The Premier also visited Qatar and the UAE. Neither are larger suppliers of oil to China nor do they have significant spare capacity, though Qatar is an increasingly important supplier of LNG. Instead, China will probably have to look to Iraq, Russia, Latin America and West Africa for incremental supplies of oil.
Second, the Chinese companies taking charge of the crude oil imports are facing difficulties making their payments. By the middle of 2011, Iran was complaining about the length of time the companies were taking to pay. There was even talk of making payments through barter. The Chinese companies are using their position of strength to demand longer payment periods and discounted prices. In the same way, the Chinese companies supplying Iran with gasoline may have difficulties being paid. This challenge has probably not been affected by the action of the US State Department to constrain Zhuhai Zhenrong’s financial activities in the USA, as the company has no assets in the USA and can find other routes to receive payment.

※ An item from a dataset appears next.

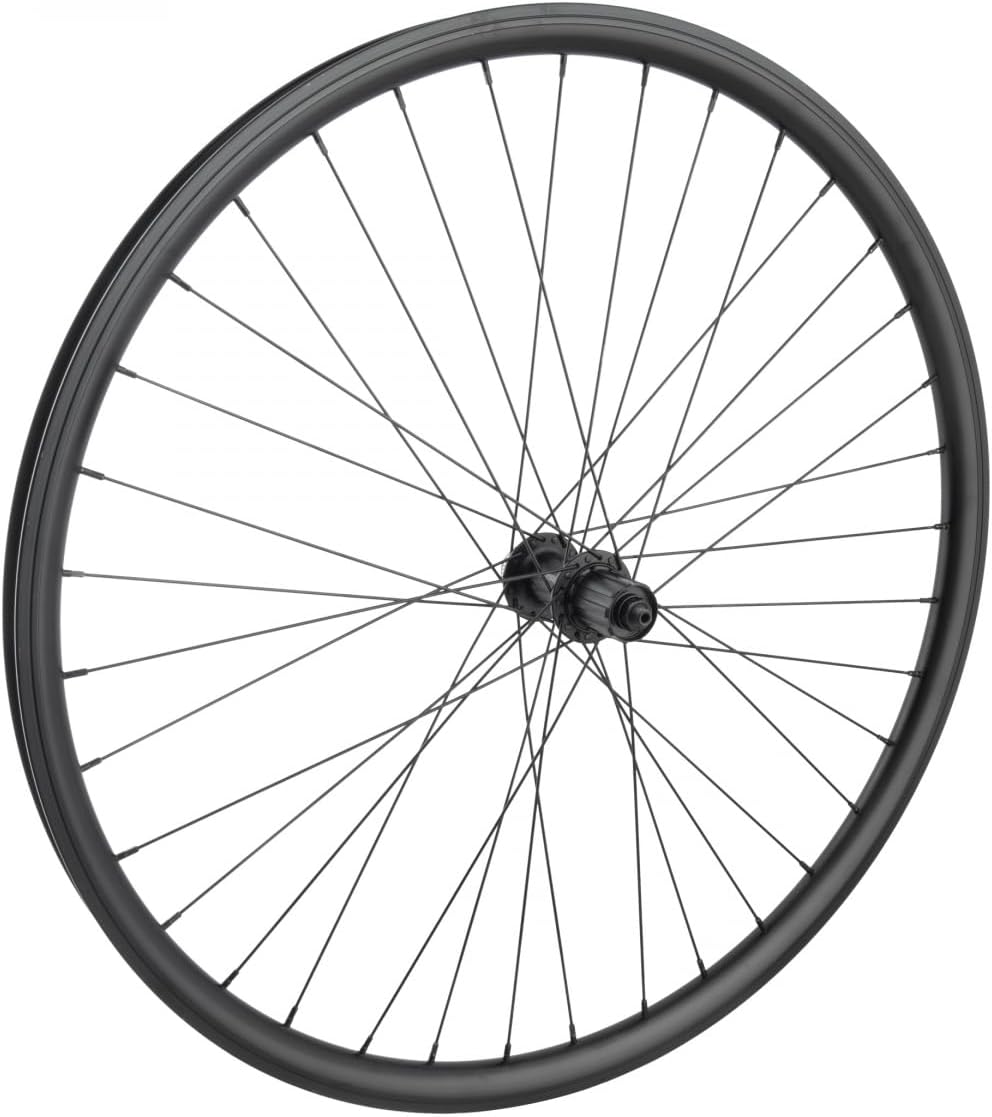 Wheel Master 700C/29in Alloy Hybrid/Comfort Disc Double Wall 700C RR W/M J25SG CL/6B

Third, the absence of suitable imported technologies is one of many factors delaying some of China’s more ambitious oil and gas field projects in Iran. CNPC and CNOOC will not be too dismayed by these delays as they have many other upstream projects in their portfolios. In contrast, Iranian assets form a significant share of Sinopec’s upstream portfolio.
In the case that oil exports from Iran were stopped completely, China as a country would suffer in the same way that all oil importers would suffer – from a short-term rise in international oil prices. How long this price spike lasted would depend to a great extent to Saudi Arabia’s willingness to use its space capacity to make up for the loss of Iranian supplies. Given that imports account for more than 50% of China’s oil consumption and that China is the second largest importer of oil in the world after the USA, the impact on the economy of such a price rise would be significant. China’s oil companies would also lose, as they would need to find new supplies of crude oil for their refineries back in China. Any discounts they had wrested from Iran would be lost, and their financial losses in the Chinese domestic oil market would rise. In the unlikely event that the Straits of Hormuz were closed, the price spike and the economic consequences would be even more pronounced. In addition, LNG supplies from Qatar to China would be interrupted.
To conclude, China is most likely to keep its oil imports from Iran well below the levels seen in 2011. It will seek additional supplies from other countries, but only Saudi Arabia has significant spare production capacity. The Chinese oil companies which trade with Iran will find ways to continue their business, albeit it at a reduced level and probably on more favourable terms.